Your copy should begin at the line containing "Lampa LED sufitowa" and end at the last line of the records; transcribe those lines exactly and leave out every picture.

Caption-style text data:
== Segment start ==

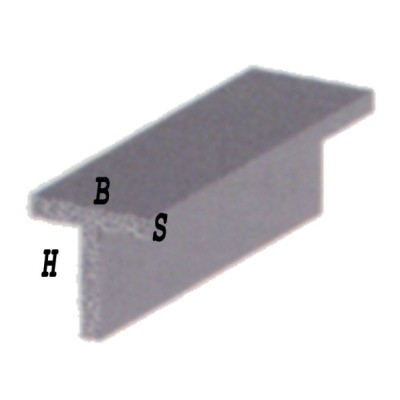Profilo alluminio anodizzato a T h.2mt mis.15x15x1,5 argento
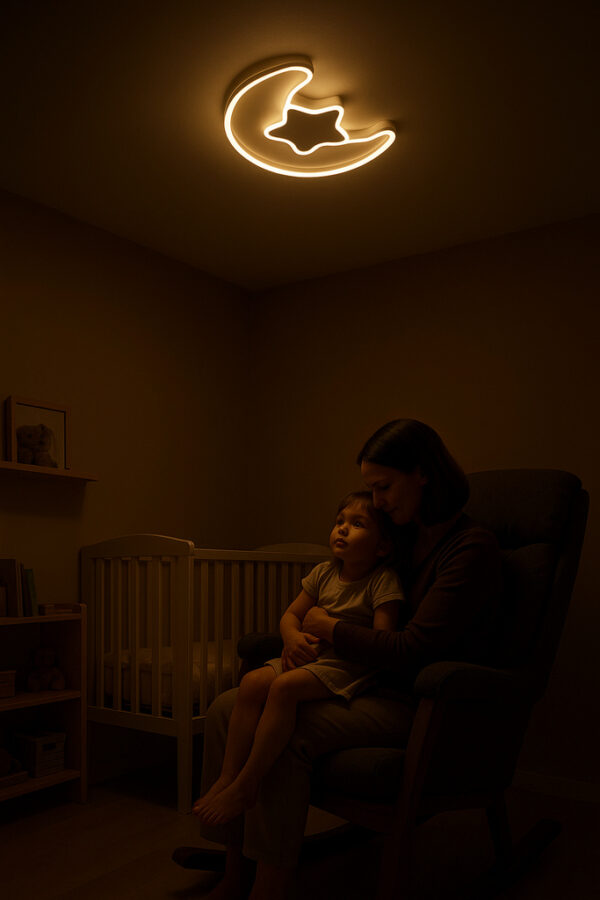 Lampa LED sufitowa plafon do pokoju dziecięcego ściemniana LUMELA + pilot księżyc biała - obrazek 3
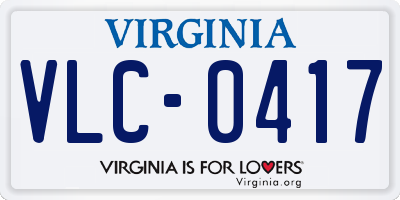 VA license plate VLC0417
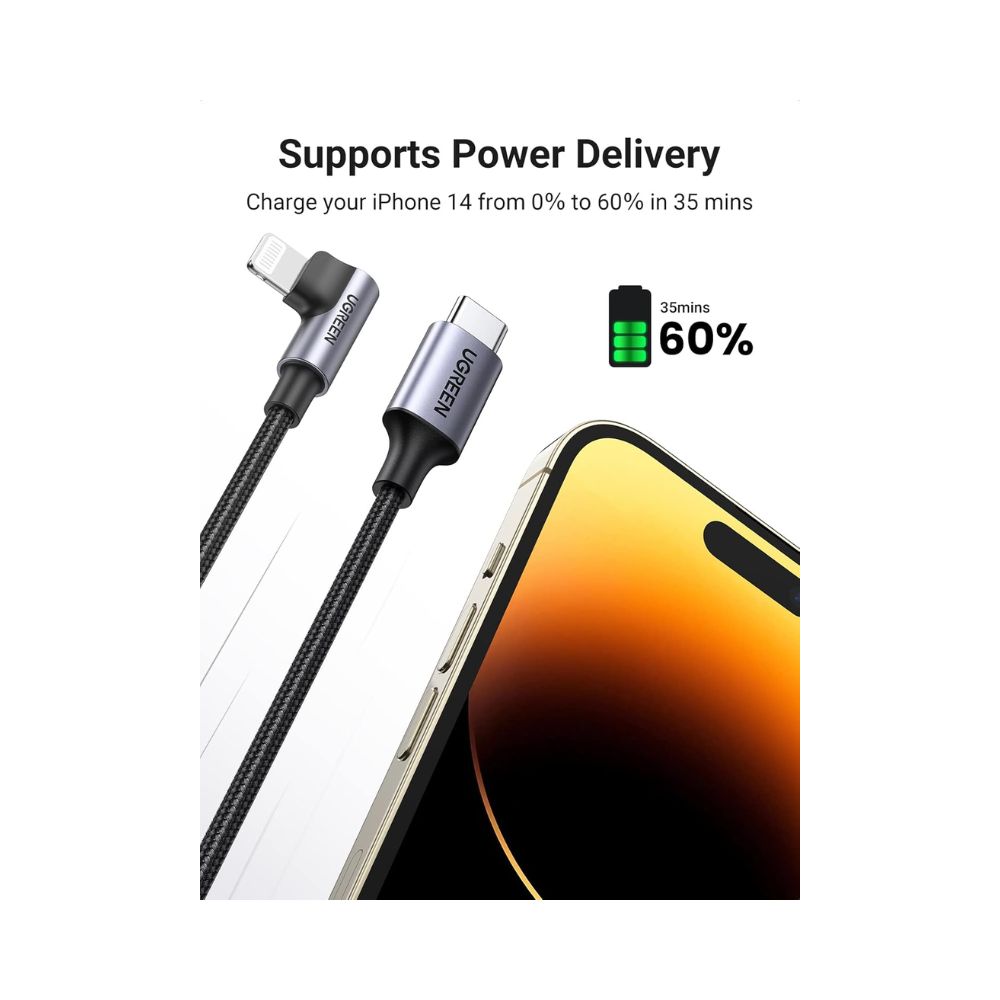 UGREEN USB-C to Angled Lightning Braided Cable &amp; Aluminum Body, MFI Apple Certified, Fast Charging 2m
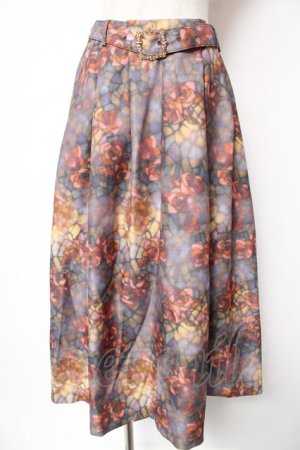 画像: axes femme / ステンドグラスランプ柄スカート M オレンジ Y-26-01-16-197-AX-SK-SZ-ZY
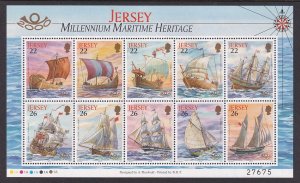 Jersey 950b Sailing Ships Souvenir Sheet MNH VF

== Segment end ==

ANSWER SPACE
 Lampa LED sufitowa plafon do pokoju dziecięcego ściemniana LUMELA + pilot księżyc biała - obrazek 3
 VA license plate VLC0417
 UGREEN USB-C to Angled Lightning Braided Cable &amp; Aluminum Body, MFI Apple Certified, Fast Charging 2m
 画像: axes femme / ステンドグラスランプ柄スカート M オレンジ Y-26-01-16-197-AX-SK-SZ-ZY
 Jersey 950b Sailing Ships Souvenir Sheet MNH VF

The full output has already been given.